- **Assignment**
With nothing added and nothing dropped, copy the entire listing.

- **Supplied data**
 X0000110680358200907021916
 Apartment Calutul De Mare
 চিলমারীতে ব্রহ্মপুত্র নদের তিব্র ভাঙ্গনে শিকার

- **Written reply**
 X0000110680358200907021916
 Apartment Calutul De Mare
 চিলমারীতে ব্রহ্মপুত্র নদের তিব্র ভাঙ্গনে শিকার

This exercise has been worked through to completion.